To do –
Quote the entries below from the line with "Unbekannt 251014-215621" through the line with "1.42 Acres of", both ends included, and only those lines.

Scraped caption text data
■ ■ ■ ■
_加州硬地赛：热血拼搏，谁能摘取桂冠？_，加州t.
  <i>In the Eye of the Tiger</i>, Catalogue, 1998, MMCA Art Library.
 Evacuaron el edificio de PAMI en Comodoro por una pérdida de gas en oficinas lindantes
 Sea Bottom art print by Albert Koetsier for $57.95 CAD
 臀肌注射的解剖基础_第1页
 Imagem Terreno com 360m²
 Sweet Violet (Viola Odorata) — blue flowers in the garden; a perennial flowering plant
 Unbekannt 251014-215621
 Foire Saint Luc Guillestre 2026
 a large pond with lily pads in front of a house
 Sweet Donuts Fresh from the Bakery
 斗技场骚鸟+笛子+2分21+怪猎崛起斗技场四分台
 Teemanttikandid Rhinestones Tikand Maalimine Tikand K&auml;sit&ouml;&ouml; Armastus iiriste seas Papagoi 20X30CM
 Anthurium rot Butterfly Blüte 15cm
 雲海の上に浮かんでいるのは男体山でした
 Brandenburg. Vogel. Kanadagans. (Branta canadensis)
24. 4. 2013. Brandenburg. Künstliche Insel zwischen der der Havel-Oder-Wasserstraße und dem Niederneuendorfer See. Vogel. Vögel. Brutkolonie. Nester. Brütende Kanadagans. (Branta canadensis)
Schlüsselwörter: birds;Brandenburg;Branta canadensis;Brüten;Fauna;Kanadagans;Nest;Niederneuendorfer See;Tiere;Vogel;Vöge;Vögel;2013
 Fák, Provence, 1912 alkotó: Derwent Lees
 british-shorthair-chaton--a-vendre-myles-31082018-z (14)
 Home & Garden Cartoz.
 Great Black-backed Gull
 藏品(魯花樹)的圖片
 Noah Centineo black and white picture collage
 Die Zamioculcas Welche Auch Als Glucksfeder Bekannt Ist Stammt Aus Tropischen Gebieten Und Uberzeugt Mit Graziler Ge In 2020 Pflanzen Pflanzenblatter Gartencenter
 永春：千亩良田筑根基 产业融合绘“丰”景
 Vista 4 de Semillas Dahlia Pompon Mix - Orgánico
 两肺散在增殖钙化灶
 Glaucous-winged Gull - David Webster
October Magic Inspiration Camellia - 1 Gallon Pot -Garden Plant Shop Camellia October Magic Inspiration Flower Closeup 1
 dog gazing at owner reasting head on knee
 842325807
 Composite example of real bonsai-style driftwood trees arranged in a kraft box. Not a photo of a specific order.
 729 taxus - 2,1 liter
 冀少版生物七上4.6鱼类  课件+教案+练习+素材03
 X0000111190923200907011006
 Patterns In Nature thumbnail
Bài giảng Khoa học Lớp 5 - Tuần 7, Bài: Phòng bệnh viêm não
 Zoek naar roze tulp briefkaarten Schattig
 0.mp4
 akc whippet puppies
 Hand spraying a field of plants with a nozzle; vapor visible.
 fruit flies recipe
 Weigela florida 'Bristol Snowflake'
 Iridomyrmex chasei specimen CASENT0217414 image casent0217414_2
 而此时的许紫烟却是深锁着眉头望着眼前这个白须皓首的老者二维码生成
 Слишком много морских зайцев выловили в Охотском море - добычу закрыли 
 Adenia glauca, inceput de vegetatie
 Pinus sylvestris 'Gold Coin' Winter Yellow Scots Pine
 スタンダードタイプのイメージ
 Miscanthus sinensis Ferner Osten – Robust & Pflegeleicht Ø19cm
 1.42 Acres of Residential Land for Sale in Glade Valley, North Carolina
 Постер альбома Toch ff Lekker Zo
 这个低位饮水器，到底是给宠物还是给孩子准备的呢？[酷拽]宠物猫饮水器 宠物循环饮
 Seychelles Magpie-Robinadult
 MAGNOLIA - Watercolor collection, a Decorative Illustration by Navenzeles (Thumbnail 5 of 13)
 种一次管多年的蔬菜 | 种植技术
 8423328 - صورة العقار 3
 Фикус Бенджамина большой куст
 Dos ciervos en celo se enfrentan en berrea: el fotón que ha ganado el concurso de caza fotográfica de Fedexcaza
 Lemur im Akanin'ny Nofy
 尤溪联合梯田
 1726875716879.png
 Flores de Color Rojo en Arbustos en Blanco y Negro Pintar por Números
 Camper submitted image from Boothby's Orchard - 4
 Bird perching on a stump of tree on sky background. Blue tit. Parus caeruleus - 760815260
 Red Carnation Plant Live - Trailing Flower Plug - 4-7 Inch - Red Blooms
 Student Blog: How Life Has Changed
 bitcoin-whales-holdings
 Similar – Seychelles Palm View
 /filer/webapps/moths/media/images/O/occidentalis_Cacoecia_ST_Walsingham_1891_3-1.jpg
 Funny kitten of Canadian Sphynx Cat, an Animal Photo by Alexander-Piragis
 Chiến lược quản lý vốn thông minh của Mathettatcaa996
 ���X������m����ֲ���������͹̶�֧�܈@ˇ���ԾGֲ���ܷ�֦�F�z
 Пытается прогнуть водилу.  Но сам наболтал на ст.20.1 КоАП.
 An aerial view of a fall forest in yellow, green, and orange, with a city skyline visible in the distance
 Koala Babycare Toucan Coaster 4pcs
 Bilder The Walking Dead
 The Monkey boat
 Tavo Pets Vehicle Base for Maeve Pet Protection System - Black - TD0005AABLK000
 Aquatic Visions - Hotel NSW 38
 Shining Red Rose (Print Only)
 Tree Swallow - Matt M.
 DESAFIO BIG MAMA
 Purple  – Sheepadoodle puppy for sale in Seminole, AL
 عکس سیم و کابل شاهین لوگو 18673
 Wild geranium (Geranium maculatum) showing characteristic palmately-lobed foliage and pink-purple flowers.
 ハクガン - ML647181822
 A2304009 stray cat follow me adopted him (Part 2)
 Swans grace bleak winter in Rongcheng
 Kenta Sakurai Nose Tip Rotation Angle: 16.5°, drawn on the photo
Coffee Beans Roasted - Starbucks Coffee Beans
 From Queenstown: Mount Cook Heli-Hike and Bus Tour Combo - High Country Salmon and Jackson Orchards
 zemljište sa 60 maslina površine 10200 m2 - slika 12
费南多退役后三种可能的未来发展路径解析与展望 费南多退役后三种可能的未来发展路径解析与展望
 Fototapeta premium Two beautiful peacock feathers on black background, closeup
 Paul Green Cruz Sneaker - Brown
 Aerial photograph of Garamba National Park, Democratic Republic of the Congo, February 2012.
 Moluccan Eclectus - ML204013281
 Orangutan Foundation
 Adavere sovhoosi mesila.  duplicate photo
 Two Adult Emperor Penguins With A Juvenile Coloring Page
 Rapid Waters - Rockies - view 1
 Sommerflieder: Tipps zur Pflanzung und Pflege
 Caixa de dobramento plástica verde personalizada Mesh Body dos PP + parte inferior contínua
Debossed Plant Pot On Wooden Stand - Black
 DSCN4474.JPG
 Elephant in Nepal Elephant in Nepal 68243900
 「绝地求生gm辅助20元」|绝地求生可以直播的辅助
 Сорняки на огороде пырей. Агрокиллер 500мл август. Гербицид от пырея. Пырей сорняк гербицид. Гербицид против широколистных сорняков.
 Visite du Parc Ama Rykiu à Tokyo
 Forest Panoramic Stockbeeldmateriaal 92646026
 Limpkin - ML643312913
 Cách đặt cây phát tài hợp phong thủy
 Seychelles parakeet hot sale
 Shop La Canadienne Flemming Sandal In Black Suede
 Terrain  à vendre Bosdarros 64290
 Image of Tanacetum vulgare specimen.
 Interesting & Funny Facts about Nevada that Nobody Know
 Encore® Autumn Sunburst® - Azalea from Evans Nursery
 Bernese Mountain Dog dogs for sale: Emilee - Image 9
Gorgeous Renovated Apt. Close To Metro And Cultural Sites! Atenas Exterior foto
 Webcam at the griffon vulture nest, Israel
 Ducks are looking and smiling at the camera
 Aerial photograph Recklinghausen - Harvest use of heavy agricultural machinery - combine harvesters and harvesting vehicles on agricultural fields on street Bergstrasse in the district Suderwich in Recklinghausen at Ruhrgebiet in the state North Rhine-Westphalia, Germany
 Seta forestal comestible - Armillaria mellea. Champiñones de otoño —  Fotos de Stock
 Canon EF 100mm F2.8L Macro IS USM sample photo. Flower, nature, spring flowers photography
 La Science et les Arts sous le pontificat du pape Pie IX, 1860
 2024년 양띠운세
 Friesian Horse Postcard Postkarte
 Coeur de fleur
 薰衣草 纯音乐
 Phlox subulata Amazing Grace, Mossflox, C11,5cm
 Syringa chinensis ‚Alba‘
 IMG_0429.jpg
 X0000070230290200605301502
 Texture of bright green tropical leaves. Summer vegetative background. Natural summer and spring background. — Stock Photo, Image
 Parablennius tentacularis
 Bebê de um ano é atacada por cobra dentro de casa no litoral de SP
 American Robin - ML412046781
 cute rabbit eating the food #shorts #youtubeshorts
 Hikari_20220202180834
■ ■ ■ ■
Response to the task –
 Unbekannt 251014-215621
 Foire Saint Luc Guillestre 2026
 a large pond with lily pads in front of a house
 Sweet Donuts Fresh from the Bakery
 斗技场骚鸟+笛子+2分21+怪猎崛起斗技场四分台
 Teemanttikandid Rhinestones Tikand Maalimine Tikand K&auml;sit&ouml;&ouml; Armastus iiriste seas Papagoi 20X30CM
 Anthurium rot Butterfly Blüte 15cm
 雲海の上に浮かんでいるのは男体山でした
 Brandenburg. Vogel. Kanadagans. (Branta canadensis)
24. 4. 2013. Brandenburg. Künstliche Insel zwischen der der Havel-Oder-Wasserstraße und dem Niederneuendorfer See. Vogel. Vögel. Brutkolonie. Nester. Brütende Kanadagans. (Branta canadensis)
Schlüsselwörter: birds;Brandenburg;Branta canadensis;Brüten;Fauna;Kanadagans;Nest;Niederneuendorfer See;Tiere;Vogel;Vöge;Vögel;2013
 Fák, Provence, 1912 alkotó: Derwent Lees
 british-shorthair-chaton--a-vendre-myles-31082018-z (14)
 Home & Garden Cartoz.
 Great Black-backed Gull
 藏品(魯花樹)的圖片
 Noah Centineo black and white picture collage
 Die Zamioculcas Welche Auch Als Glucksfeder Bekannt Ist Stammt Aus Tropischen Gebieten Und Uberzeugt Mit Graziler Ge In 2020 Pflanzen Pflanzenblatter Gartencenter
 永春：千亩良田筑根基 产业融合绘“丰”景
 Vista 4 de Semillas Dahlia Pompon Mix - Orgánico
 两肺散在增殖钙化灶
 Glaucous-winged Gull - David Webster
October Magic Inspiration Camellia - 1 Gallon Pot -Garden Plant Shop Camellia October Magic Inspiration Flower Closeup 1
 dog gazing at owner reasting head on knee
 842325807
 Composite example of real bonsai-style driftwood trees arranged in a kraft box. Not a photo of a specific order.
 729 taxus - 2,1 liter
 冀少版生物七上4.6鱼类  课件+教案+练习+素材03
 X0000111190923200907011006
 Patterns In Nature thumbnail
Bài giảng Khoa học Lớp 5 - Tuần 7, Bài: Phòng bệnh viêm não
 Zoek naar roze tulp briefkaarten Schattig
 0.mp4
 akc whippet puppies
 Hand spraying a field of plants with a nozzle; vapor visible.
 fruit flies recipe
 Weigela florida 'Bristol Snowflake'
 Iridomyrmex chasei specimen CASENT0217414 image casent0217414_2
 而此时的许紫烟却是深锁着眉头望着眼前这个白须皓首的老者二维码生成
 Слишком много морских зайцев выловили в Охотском море - добычу закрыли 
 Adenia glauca, inceput de vegetatie
 Pinus sylvestris 'Gold Coin' Winter Yellow Scots Pine
 スタンダードタイプのイメージ
 Miscanthus sinensis Ferner Osten – Robust & Pflegeleicht Ø19cm
 1.42 Acres of Residential Land for Sale in Glade Valley, North Carolina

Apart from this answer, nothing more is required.